Szef Narodowego Banku Polskiego chcąc poprawić nastroje po ostatniej podwyżce stóp procentowych, postanowił zapowiedzieć obniżkę. Szkoda tylko, że szansa na to będzie dopiero pod koniec 2023 roku.
Zgodnie z najnowszymi naszymi analizami, z zastrzeżeniem, przy przyjęciu założenia, że nie nastąpią niespodziewane wydarzenia, pod koniec przyszłego roku w kwartale ostatnim przyszłego roku być może będzie możliwość obniżenia stóp procentowych - oświadczył Glapiński.

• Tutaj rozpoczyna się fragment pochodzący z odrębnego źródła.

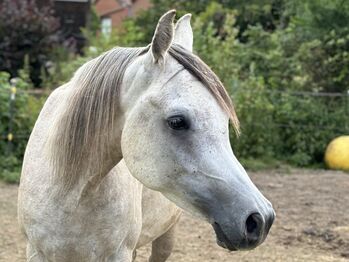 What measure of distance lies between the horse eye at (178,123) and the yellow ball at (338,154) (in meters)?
7.71

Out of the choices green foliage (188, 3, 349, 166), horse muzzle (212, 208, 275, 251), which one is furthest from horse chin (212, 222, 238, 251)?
green foliage (188, 3, 349, 166)

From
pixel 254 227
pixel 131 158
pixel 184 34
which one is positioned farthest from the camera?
pixel 184 34

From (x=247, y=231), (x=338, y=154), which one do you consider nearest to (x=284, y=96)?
(x=338, y=154)

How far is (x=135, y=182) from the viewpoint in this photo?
2.46 metres

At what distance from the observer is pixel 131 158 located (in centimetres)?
198

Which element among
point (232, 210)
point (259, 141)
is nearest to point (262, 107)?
point (259, 141)

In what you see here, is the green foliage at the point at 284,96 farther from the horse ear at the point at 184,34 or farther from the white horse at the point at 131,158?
the white horse at the point at 131,158

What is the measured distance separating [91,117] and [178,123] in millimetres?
417

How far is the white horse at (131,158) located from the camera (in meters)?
1.82

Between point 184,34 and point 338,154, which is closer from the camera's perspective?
point 184,34

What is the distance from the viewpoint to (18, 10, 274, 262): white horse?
5.96 feet

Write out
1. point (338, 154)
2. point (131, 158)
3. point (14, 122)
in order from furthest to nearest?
point (338, 154)
point (14, 122)
point (131, 158)

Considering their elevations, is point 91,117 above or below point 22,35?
Result: above

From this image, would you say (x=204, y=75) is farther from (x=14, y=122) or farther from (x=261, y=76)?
(x=261, y=76) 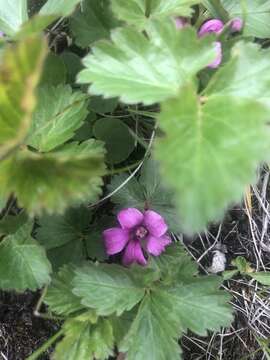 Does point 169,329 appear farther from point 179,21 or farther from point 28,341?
point 179,21

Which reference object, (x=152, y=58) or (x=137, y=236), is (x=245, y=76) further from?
(x=137, y=236)

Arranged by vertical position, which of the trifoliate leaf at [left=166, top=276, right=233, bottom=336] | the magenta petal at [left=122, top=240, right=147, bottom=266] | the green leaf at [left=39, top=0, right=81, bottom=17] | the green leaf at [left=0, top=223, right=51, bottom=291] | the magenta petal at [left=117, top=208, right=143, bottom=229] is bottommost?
the trifoliate leaf at [left=166, top=276, right=233, bottom=336]

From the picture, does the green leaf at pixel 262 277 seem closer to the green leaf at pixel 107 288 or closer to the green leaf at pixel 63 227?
the green leaf at pixel 107 288

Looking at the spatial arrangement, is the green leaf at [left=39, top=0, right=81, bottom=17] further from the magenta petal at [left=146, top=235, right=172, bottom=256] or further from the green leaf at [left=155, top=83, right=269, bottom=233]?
the magenta petal at [left=146, top=235, right=172, bottom=256]

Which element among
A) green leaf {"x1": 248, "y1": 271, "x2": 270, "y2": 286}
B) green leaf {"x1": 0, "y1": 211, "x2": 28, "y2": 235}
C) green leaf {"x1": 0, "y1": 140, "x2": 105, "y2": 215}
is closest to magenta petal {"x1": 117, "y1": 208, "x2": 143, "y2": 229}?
green leaf {"x1": 0, "y1": 211, "x2": 28, "y2": 235}

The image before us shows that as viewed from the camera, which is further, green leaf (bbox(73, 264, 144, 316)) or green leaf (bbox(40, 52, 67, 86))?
green leaf (bbox(40, 52, 67, 86))

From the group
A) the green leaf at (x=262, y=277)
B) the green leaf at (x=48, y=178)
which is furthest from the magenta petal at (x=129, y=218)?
the green leaf at (x=48, y=178) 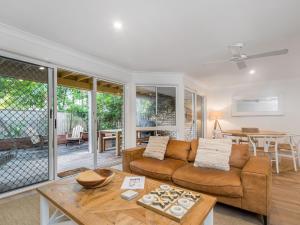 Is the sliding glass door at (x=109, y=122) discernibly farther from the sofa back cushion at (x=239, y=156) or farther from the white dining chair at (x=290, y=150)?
the white dining chair at (x=290, y=150)

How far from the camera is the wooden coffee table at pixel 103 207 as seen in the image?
1192 mm

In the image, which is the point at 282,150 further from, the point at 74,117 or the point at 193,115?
the point at 74,117

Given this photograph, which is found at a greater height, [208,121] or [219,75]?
[219,75]

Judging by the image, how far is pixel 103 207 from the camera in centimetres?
136

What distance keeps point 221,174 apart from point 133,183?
1.10 m

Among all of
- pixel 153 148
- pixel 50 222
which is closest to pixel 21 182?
pixel 50 222

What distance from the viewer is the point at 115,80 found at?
13.8 ft

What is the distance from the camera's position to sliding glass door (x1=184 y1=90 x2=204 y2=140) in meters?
5.37

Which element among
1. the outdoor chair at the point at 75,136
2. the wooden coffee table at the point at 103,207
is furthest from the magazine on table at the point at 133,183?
the outdoor chair at the point at 75,136

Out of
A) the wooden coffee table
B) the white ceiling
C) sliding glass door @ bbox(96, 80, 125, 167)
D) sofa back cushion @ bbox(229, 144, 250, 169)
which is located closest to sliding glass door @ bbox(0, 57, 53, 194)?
the white ceiling

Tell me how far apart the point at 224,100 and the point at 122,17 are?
539cm

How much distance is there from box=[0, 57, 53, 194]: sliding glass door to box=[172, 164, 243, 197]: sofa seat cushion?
7.25 ft

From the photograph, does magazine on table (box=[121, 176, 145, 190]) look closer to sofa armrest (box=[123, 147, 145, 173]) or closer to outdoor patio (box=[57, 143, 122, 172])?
sofa armrest (box=[123, 147, 145, 173])

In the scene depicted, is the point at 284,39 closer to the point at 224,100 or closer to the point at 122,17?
the point at 122,17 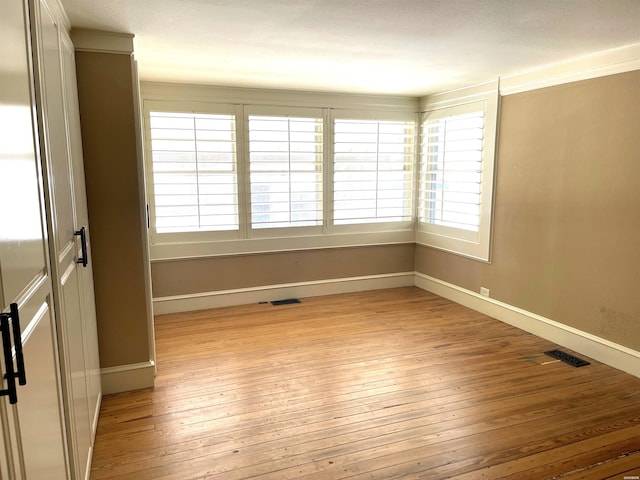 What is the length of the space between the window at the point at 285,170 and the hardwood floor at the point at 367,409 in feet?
4.23

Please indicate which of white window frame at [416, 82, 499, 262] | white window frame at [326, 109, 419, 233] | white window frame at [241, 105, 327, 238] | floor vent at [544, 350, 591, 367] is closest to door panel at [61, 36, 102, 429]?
white window frame at [241, 105, 327, 238]

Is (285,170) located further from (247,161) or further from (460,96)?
(460,96)

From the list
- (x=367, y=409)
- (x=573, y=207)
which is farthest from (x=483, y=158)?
(x=367, y=409)

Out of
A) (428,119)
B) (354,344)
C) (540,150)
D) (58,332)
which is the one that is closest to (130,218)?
(58,332)

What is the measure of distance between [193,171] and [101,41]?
178 cm

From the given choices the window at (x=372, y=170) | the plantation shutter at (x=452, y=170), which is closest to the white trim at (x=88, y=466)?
the window at (x=372, y=170)

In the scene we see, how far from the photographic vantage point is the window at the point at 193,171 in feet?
13.6

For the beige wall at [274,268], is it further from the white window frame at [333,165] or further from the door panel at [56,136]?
the door panel at [56,136]

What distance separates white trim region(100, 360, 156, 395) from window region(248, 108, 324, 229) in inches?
81.0

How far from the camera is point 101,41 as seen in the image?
255 cm

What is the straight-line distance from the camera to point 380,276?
210 inches

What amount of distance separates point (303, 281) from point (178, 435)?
2721 mm

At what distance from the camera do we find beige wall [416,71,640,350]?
3031 mm

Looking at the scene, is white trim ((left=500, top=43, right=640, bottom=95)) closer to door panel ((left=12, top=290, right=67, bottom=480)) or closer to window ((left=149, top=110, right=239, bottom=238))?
window ((left=149, top=110, right=239, bottom=238)) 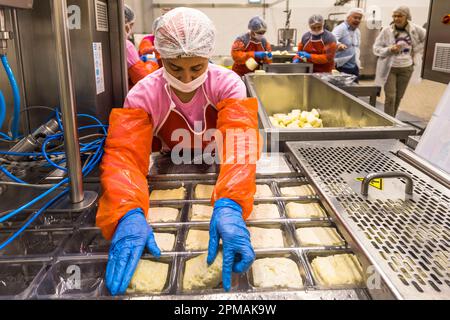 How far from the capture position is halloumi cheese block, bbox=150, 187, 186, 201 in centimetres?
109

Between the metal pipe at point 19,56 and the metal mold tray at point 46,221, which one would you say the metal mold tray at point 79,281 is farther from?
the metal pipe at point 19,56

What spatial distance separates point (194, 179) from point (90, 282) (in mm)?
536

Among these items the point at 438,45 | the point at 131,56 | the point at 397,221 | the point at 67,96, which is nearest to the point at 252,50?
the point at 131,56

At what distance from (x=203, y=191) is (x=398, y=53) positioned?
4097 millimetres

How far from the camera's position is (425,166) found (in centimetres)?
115

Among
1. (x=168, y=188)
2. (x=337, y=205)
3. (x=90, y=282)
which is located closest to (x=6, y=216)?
(x=90, y=282)

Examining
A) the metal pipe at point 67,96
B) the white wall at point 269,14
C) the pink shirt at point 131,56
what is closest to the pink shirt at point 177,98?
the metal pipe at point 67,96

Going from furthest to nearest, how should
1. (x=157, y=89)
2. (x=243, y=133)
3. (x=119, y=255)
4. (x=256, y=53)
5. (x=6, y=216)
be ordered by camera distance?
(x=256, y=53)
(x=157, y=89)
(x=243, y=133)
(x=6, y=216)
(x=119, y=255)

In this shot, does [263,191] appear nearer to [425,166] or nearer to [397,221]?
[397,221]

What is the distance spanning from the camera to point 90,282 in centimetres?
74

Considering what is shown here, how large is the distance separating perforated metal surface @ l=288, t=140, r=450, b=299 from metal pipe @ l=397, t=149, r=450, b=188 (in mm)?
25

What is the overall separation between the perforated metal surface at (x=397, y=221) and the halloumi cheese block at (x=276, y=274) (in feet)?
0.53

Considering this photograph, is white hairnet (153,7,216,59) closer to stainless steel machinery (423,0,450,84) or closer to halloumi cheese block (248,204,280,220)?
halloumi cheese block (248,204,280,220) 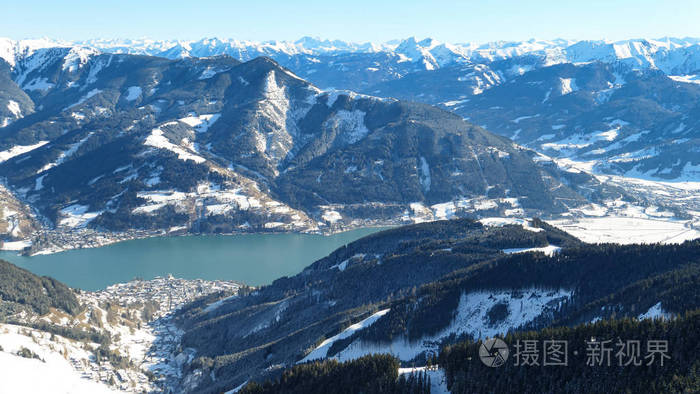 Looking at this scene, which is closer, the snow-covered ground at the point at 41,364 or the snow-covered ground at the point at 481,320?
A: the snow-covered ground at the point at 481,320

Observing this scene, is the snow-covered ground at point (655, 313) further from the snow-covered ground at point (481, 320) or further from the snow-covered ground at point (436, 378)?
the snow-covered ground at point (436, 378)

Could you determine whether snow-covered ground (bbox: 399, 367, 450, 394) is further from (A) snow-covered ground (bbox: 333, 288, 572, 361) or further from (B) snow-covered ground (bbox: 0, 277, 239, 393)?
(B) snow-covered ground (bbox: 0, 277, 239, 393)

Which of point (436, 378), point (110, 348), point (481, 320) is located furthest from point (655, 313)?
point (110, 348)

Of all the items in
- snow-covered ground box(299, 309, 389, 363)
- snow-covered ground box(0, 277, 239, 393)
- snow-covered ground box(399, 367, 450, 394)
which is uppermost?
snow-covered ground box(399, 367, 450, 394)

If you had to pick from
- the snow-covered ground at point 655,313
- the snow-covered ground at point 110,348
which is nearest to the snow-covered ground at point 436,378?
the snow-covered ground at point 655,313

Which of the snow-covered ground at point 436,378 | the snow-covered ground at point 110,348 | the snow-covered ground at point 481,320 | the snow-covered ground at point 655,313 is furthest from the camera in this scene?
the snow-covered ground at point 110,348

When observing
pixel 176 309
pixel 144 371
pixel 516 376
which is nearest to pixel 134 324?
pixel 176 309

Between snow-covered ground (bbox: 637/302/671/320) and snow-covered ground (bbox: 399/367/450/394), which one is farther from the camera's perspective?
snow-covered ground (bbox: 637/302/671/320)

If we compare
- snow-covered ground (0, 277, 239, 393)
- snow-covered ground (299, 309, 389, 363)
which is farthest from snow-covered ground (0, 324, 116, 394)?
snow-covered ground (299, 309, 389, 363)

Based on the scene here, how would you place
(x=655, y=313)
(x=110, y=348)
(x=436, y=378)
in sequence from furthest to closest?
(x=110, y=348)
(x=655, y=313)
(x=436, y=378)

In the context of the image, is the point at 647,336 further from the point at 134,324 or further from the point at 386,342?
the point at 134,324

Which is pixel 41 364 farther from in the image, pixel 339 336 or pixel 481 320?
pixel 481 320

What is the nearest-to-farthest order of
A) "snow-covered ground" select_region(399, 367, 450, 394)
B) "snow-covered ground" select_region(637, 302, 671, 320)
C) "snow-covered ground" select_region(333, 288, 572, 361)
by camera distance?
1. "snow-covered ground" select_region(399, 367, 450, 394)
2. "snow-covered ground" select_region(637, 302, 671, 320)
3. "snow-covered ground" select_region(333, 288, 572, 361) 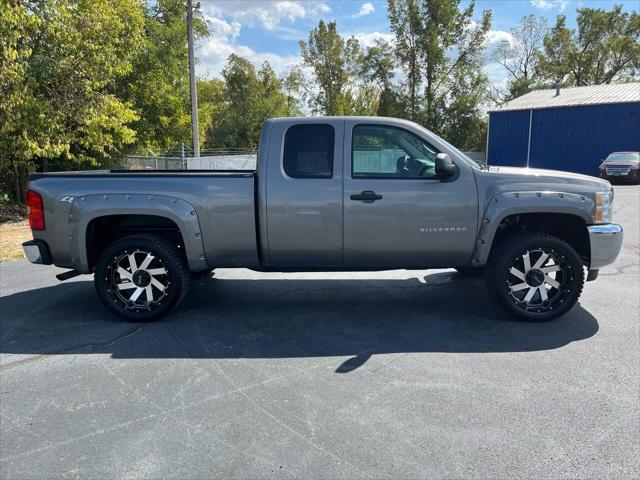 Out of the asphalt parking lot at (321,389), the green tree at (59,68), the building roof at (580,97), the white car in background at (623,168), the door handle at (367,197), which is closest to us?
the asphalt parking lot at (321,389)

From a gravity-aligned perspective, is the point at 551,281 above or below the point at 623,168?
below

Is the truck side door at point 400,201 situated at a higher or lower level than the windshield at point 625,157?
lower

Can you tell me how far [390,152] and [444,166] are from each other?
573 mm

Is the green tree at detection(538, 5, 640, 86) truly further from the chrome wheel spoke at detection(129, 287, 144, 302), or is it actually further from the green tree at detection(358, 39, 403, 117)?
the chrome wheel spoke at detection(129, 287, 144, 302)

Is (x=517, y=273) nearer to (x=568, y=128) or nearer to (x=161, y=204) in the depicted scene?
(x=161, y=204)

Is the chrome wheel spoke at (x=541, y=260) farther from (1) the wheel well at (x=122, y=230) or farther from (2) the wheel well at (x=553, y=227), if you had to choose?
(1) the wheel well at (x=122, y=230)

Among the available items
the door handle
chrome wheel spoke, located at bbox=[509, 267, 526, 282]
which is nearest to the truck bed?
the door handle

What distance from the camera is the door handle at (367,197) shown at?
15.0 feet

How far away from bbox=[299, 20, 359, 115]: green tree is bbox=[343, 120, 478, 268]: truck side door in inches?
1565

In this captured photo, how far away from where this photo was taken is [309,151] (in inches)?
185

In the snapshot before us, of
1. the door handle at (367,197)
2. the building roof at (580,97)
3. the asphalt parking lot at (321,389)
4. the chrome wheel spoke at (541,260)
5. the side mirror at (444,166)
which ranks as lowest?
the asphalt parking lot at (321,389)

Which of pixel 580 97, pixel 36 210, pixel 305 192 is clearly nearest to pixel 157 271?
pixel 36 210

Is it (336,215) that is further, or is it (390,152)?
(390,152)

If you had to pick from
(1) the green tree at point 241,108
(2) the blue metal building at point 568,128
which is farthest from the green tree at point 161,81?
(1) the green tree at point 241,108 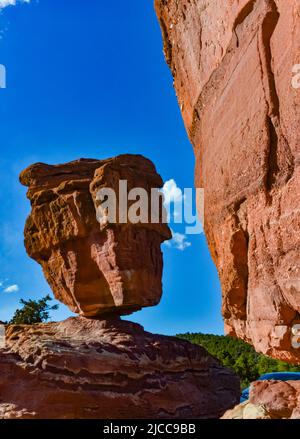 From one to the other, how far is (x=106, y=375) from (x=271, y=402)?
9.27 meters

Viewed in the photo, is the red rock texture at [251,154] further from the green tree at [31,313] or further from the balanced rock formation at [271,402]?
the green tree at [31,313]

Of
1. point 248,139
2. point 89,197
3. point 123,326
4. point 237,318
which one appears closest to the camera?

Szef NBP dodał też, że przez najbliższe miesiące inflacja będzie jeszcze rosła, ale "po okresie letnim, po wakacjach będzie się stabilizować".
Stopy procentowe w górę
Rada Polityki Pieniężnej ogłosiła w środę podwyżkę stóp procentowych o 75 punktów bazowych. W wyniku tej decyzji stopa referencyjna wzrosła do poziomu 6 proc., lombardowa (6,5 proc.), redyskontowa weksli (6,05 proc.), a depozytowa (5,5 proc.).
Staramy się zredukować inflację do poziomu wyznaczonego przez nasze założenia. Chcemy, by podnoszenie stóp i walka z inflacją odbywały się przy utrzymaniu wysokiego tempa wzrostu gospodarczego i przy tak niskim bezrobociu, jak obecnie - mówił Glapiński.
Zdaniem analityków Pekao szczyt inflacji przypadnie w okresie wakacyjnym i wyniesie około 14 procent. Jednak według bardziej pesymistycznych prognoz możemy osiągnąć nawet ponad 20-procentowy wynik. Portfele Polaków już świecą pustkami, a będzie jeszcze gorzej.